**Required work**
Everything except the pictures should be printed exactly as it appears in the records.

─── Input data ───

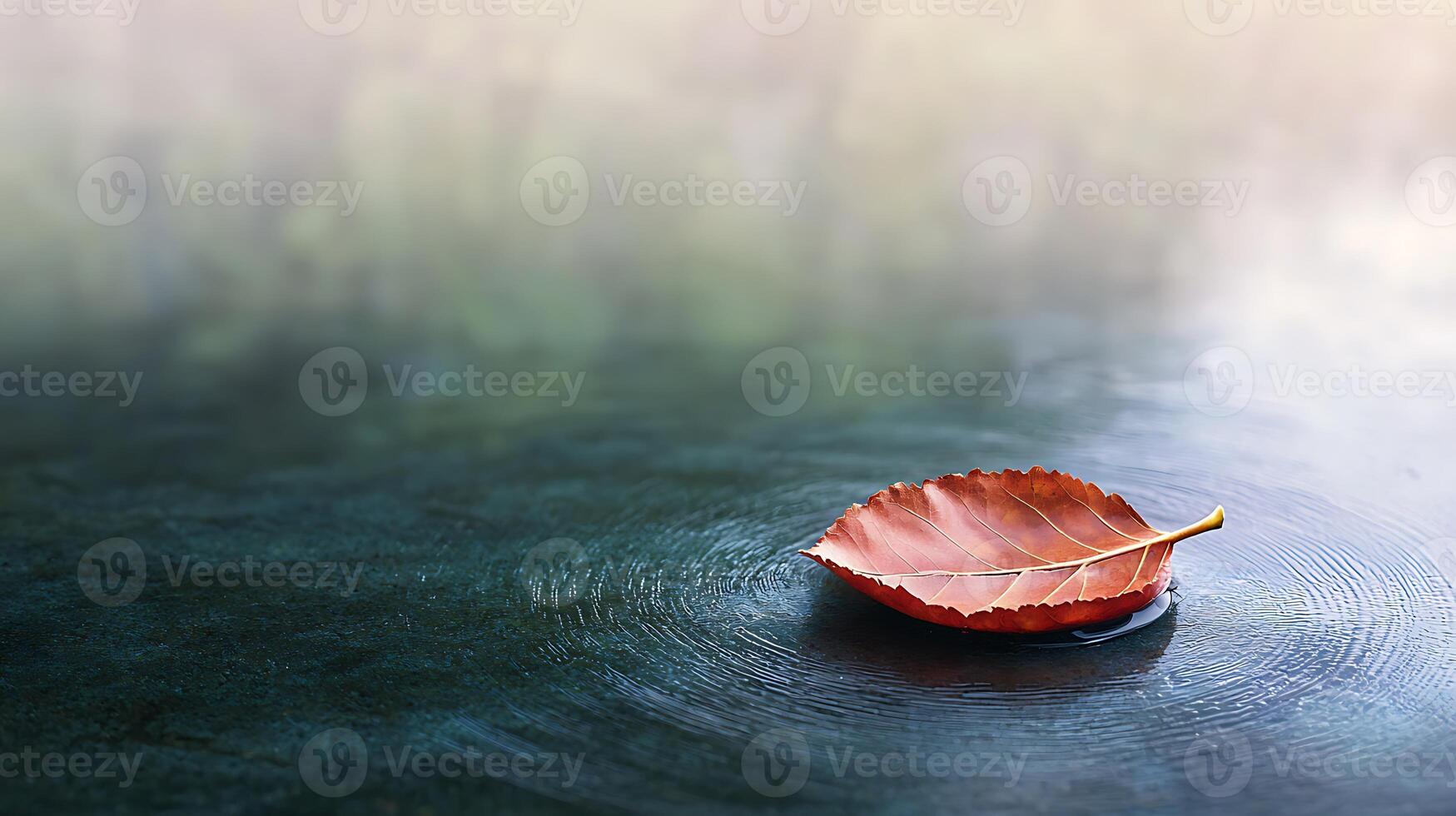 Tranquil scene of a single autumn leaf floating on still water, surrounded by blurred nature photo
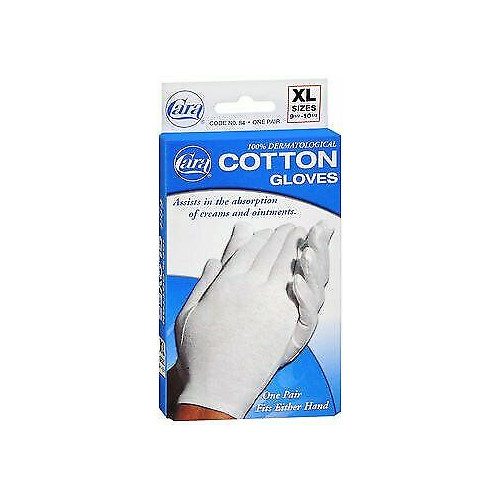 Cara 100% Dermatological Cotton Gloves Fits Either Hands XL Sizes 1 Pair 3 Pack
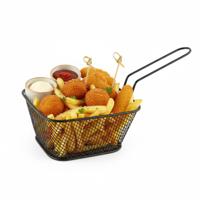 Snackmandje - 8x stuks - zwart - 14 x 11 x 7 cm - RVS - patat - frietmandje - serveermandjes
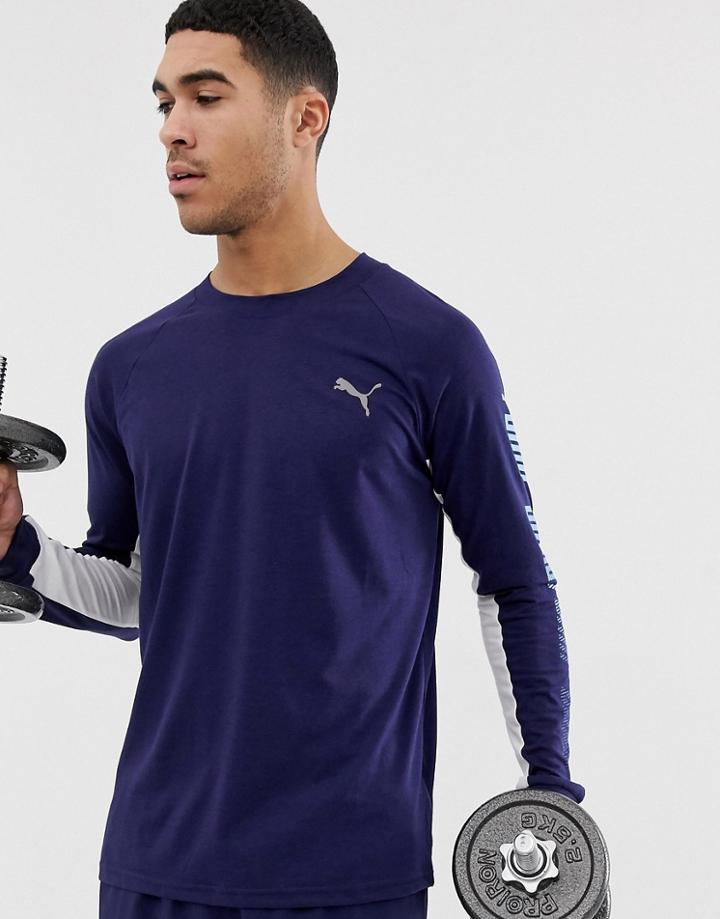 Puma Training Long Sleeve Top In Navy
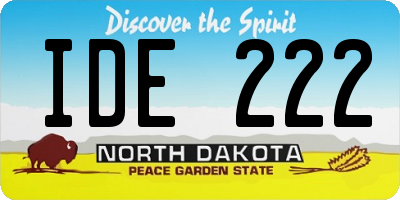ND license plate IDE222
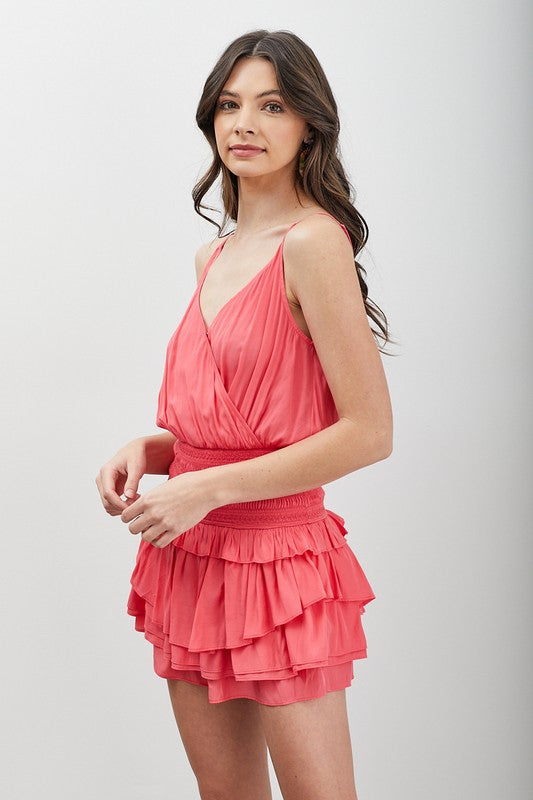 Wrap Smocked Waist Ruffle Flamingo Mini Dress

───

**Response below**
 Tranquil scene of a single autumn leaf floating on still water, surrounded by blurred nature photo
 Cara 100% Dermatological Cotton Gloves Fits Either Hands XL Sizes 1 Pair 3 Pack
 Snackmandje - 8x stuks - zwart - 14 x 11 x 7 cm - RVS - patat - frietmandje - serveermandjes
 Puma Training Long Sleeve Top In Navy
ND license plate IDE222
 Wrap Smocked Waist Ruffle Flamingo Mini Dress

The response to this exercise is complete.